Queer Companions
- Author: Omar Kasmani
- Published: 2022 (U.S.)
- Publisher: Duke University Press
- Pages: 224
- Awards: Ruth Benedict Prize (2023)
- ISBN: 978-1-4780-2265-7

= Queer Companions =

2022 book

Queer Companions: Religion, Public Intimacy, and Saintly Affects in Pakistan is a 2022 enthnographic book by Omar Kasmani, published by Duke University Press. The work profiles six individuals who are ascetic fakirs at the shrine of Lal Shahbaz Qalandar in Shewan, Sindh, Pakistan. Kasmani suggests that these individuals are "queer" in the sense that their lifestyles do not conform to the expected norms of the Pakistani middle class. The individuals' "intimacy" with Lal Shahbaz Qalandar is explored in relation to power structures, including those of the Pakistani state.

Kasmani carried out the ethnographic research which the book is based on between 2009 and 2018.

The book received the 2023 Ruth Benedict Prize.

== Reception ==
The book was received positively.
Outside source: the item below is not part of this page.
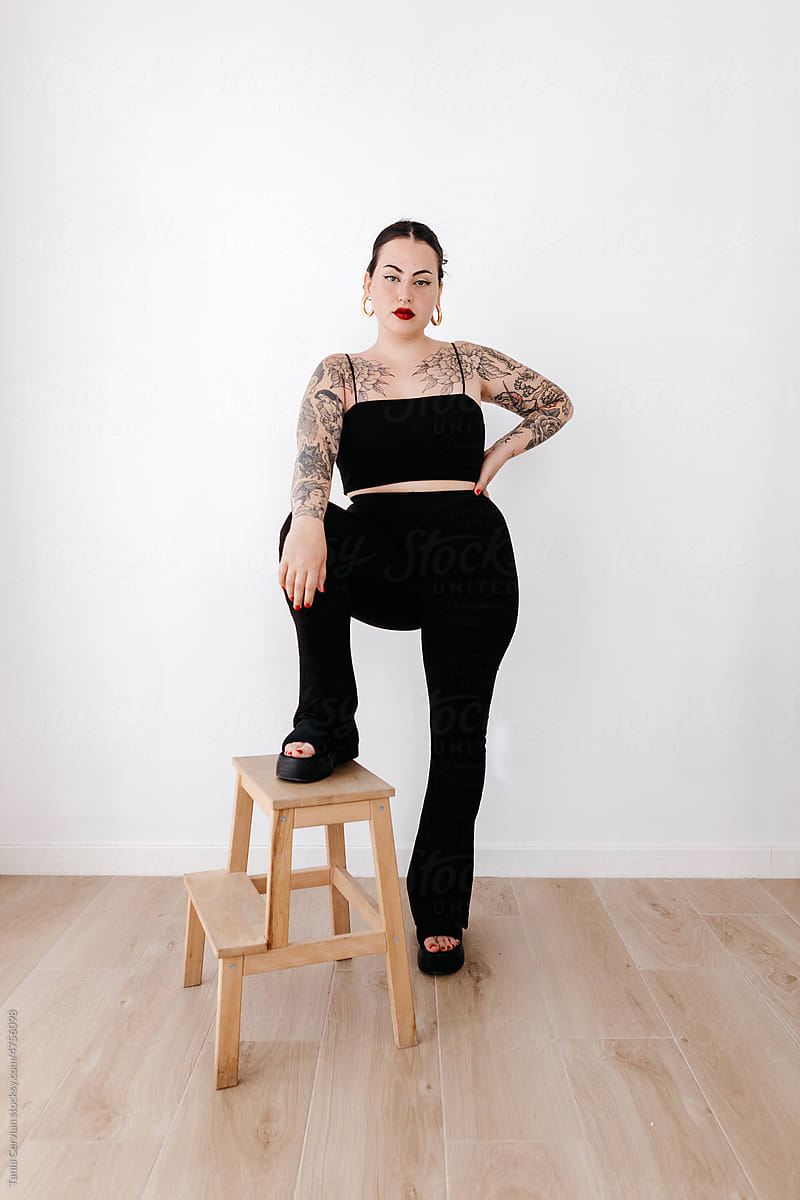 Confident tattooed woman standing on ladder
Jessica Vantine Birkenholtz, for Pacific Affairs, called the work "a beautifully written and theoretically innovative ethnography of fakir lives and longing, of public intimacy and futurity". Hafsa Arain wrote in Anthropological Quarterly, "This work dares to look at the parts of South Asian Islam that are rarely afforded scholarly attention, especially as its entanglements with Hinduism, unique ritual elements, and the many varied paths of fakir ascetic lives...under scrutiny from orthopraxic Muslims and...nationalist religious paradigms". Katherine Pratt Ewing wrote in the Journal of Anthropological Research, "it is an important ethnography of South Asian Sufi shrines that engages with key strands of recent anthropological theory"; however, she also noted that Kasmani's use of "queer" in the book's context "is also conceptually confining since it posits a normative world that these fakirs are resisting".